When I taught in a boys’ prep school, I used to talk to the boys who were trying to make up their minds as to what their careers were going to be. A boy would come to me and ask, “Do you think I can do this? Do you think I can do that? Do you think I can be a writer?”
“Oh,” I would say, “I don’t know. Can you endure ten years of disappointment with nobody responding to you, or are you thinking that you are going to write a best seller the first crack? If you have the guts to stay with the thing you really want, no matter what happens, well, go ahead.”
Then Dad would come along and say, “No, you ought to study law because there is more money in that, you know.” Now, that is the rim of the wheel, not the hub, not following your bliss. Are you going to think of fortune, or are you going to think of your bliss?
I came back from Europe as a student in 1929, just three weeks before the Wall Street crash, so I didn’t have a job for five years. There just wasn’t a job. That was a great time for me.
MOYERS: A great time? The depth of the Depression? What was wonderful about it?
CAMPBELL: I didn’t feel poor, I just felt that I didn’t have any money. People were so good to each other at that time. For example, I discovered Frobenius. Suddenly he hit me, and I had to read everything Frobenius had written. So I simply wrote to a bookselling firm that I had known in New York City, and they sent me these books and told me I didn’t have to pay for them until I got a job—four years later.
There was a wonderful old man up in Woodstock, New York, who had a piece of property with these little chicken coop place
s he would rent out for twenty dollars a year or so to any young person he thought might have a future in the arts. There was no running water, only here and there a well and a pump. He declared he wouldn’t install running water because he didn’t like the class of people it attracted. That is where I did most of my basic reading and work. It was great. I was following my bliss.

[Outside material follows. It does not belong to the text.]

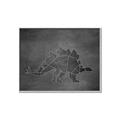 Picture of Geo Dino I Black  _GroupedProduct_Rectangle_Landscape_Mini_ _GroupedProduct_Rectangle_Landscape_Canvas_Framed_
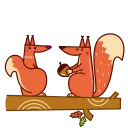 Video sticker 💑 Red Squirrel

Now, I came to this idea of bliss because in Sanskrit, which is the great spiritual language of the world, there are three terms that represent the brink, the jumping-off place to the ocean of transcendence: Sat, Chit, Ananda. The word “Sat” means being. “Chit” means consciousness. “Ananda” means bliss or rapture. I thought, “I don’t know whether my consciousness is proper consciousness or not; I don’t know whether what I know of my being is my proper being or not; but I do know where my rapture is. So let me hang on to rapture, and that will bring me both my consciousness and my being.” I think it worked.
MOYERS: Do we ever know the truth? Do we ever find it?
CAMPBELL: Each person can have his own depth, experience, and some conviction of being in touch with his own sat-chit-ananda, his own being through consciousness and bliss. The religious people tell us we really won’t experience bliss until we die and go to heaven. But I believe in having as much as you can of this experience while you are still alive.
MOYERS: Bliss is now.
CAMPBELL: In heaven you will be having such a marvelous time looking at God that you won’t get your own experience at all. That is not the place to have the experience—here is the place to have it.
MOYERS: Do you ever have this sense when you are following your bliss, as I have at moments, of being helped by hidden hands?
CAMPBELL: All the time. It is miraculous. I even have a superstition that has grown on me as the result of invisible hands coming all the time—namely, that if you do follow your bliss you put yourself on a kind of track that has been there all the while, waiting for you, and the life that you ought to be living is the one you are living. When you can see that, you begin to meet people who are in the field of your bliss, and they open the doors to you. I say, follow your bliss and don’t be afraid, and doors will open where you didn’t know they were going to be.